Ross Maclean
critic
UK
Voted for
Film | Year | Director |
---|---|---|
The Apartment | 1960 | Billy Wilder |
The Awful Truth | 1937 | Leo McCarey |
JEDER FÜR SICH UND GOTT GEGEN ALLE | 1974 | Werner Herzog |
Fargo | 1995 | Joel Coen |
The Godfather | 1972 | Francis Ford Coppola |
The Red Shoes | 1948 | Michael Powell, Emeric Pressburger |
Seven Samurai | 1954 | Akira Kurosawa |
The Shining | 1980 | Stanley Kubrick |
There Will Be Blood | 2007 | Paul Thomas Anderson |
TURKS FRUIT | 1973 | Paul Verhoeven |
Comments
To make my first ballot for this poll remotely achievable, I had to create a distinct line of division in my head between ‘greatest’ and ‘favourite’. There is, of course, an unavoidable bleed between the two but dividing them involved more than a few wrenching decisions.
While I tried not to be too rigid about this, my criteria were ultimately boiled down to a personal mix of impact and time. I didn’t impose an arbitrary cut-off date but I found myself naturally leaning towards films I’d had longer to sit with both with regards to newer releases and when I watched older films. Being unable to pin it down without having lived with it for a long time meant even recent watches of highly regarded films didn’t benefit from the foothold afforded by time (—including, sadly, a lot of amazing work directed by women).

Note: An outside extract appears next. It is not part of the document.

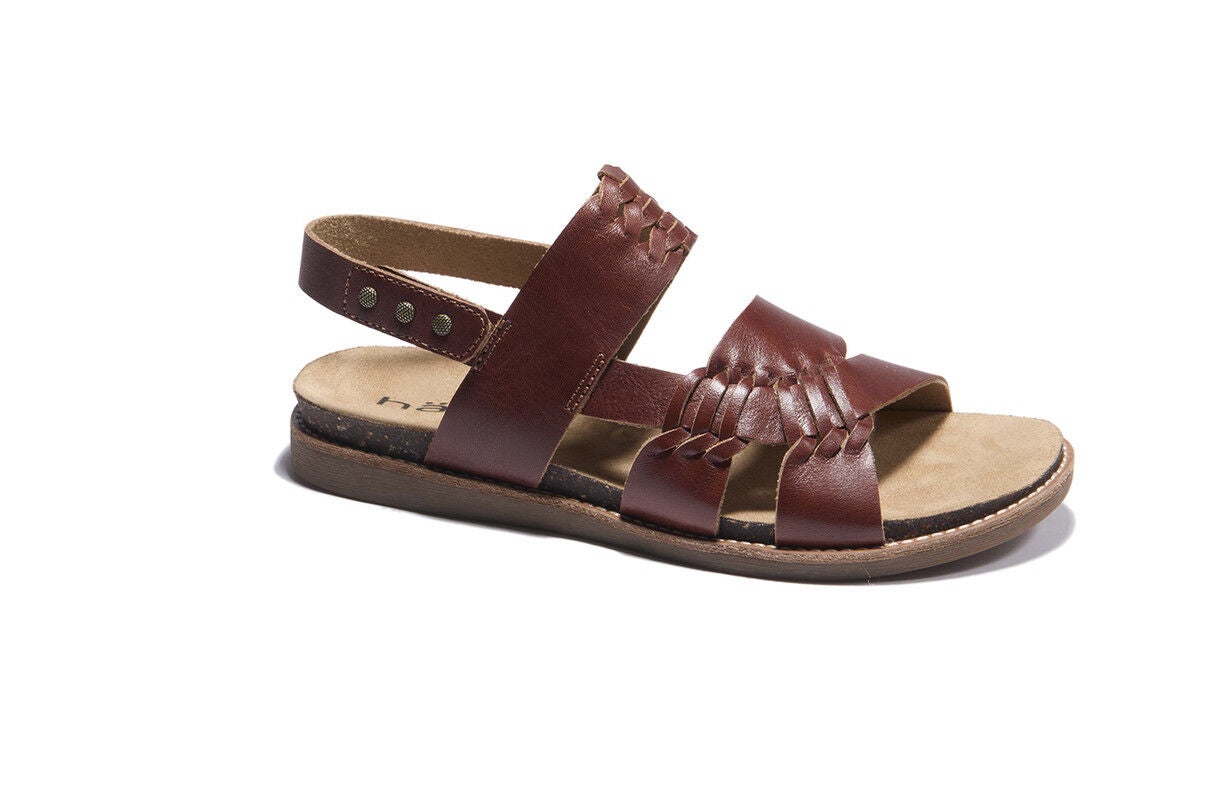 Bella Cork Bottom Sandal, COGNAC, alternate image number 2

Each film is one that made an initial impression which endured, revealing more and deepening its offer: whether the quality of its badinage, its buried vulnerability, its overbearing air of hostility, its deep-rooted absurdity, a hitherto unnoticed lightness of touch, or in a more general sense of awe at the craft involved.
If there were a thread running through at least some of these, it might be mystery — at least the incomprehensible forces which drive people’s behaviour towards each other and the extreme outcomes to which that can lead. In another sense, it might be breaking free of rigid strictures. Or, perhaps, I want to skirt round being inexorably drawn to the vicarious thrill of seeing darker impulses acted upon, whether played for laughs or chills, and regardless of any sense of justice being meted out for them or not.
I like to think there’s a zesty balance of light and shade between them as individual films and a few that find a sweet spot harmonising the two within the same film.